Problem details ::
Your answer must be the full listing, reproduced word for word.

Data excerpts ::

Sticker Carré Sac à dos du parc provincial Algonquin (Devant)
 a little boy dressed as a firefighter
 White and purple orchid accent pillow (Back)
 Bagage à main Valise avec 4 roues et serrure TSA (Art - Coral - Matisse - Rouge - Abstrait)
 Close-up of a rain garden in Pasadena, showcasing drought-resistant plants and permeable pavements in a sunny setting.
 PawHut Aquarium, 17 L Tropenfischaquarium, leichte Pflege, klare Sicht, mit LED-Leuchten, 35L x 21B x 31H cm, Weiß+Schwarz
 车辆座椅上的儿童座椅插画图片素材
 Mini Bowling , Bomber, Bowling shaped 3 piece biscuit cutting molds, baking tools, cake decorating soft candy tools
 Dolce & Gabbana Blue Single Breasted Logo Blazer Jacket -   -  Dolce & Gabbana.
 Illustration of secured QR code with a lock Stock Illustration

Response to the exercise ::
Sticker Carré Sac à dos du parc provincial Algonquin (Devant)
 a little boy dressed as a firefighter
 White and purple orchid accent pillow (Back)
 Bagage à main Valise avec 4 roues et serrure TSA (Art - Coral - Matisse - Rouge - Abstrait)
 Close-up of a rain garden in Pasadena, showcasing drought-resistant plants and permeable pavements in a sunny setting.
 PawHut Aquarium, 17 L Tropenfischaquarium, leichte Pflege, klare Sicht, mit LED-Leuchten, 35L x 21B x 31H cm, Weiß+Schwarz
 车辆座椅上的儿童座椅插画图片素材
 Mini Bowling , Bomber, Bowling shaped 3 piece biscuit cutting molds, baking tools, cake decorating soft candy tools
 Dolce & Gabbana Blue Single Breasted Logo Blazer Jacket -   -  Dolce & Gabbana.
 Illustration of secured QR code with a lock Stock Illustration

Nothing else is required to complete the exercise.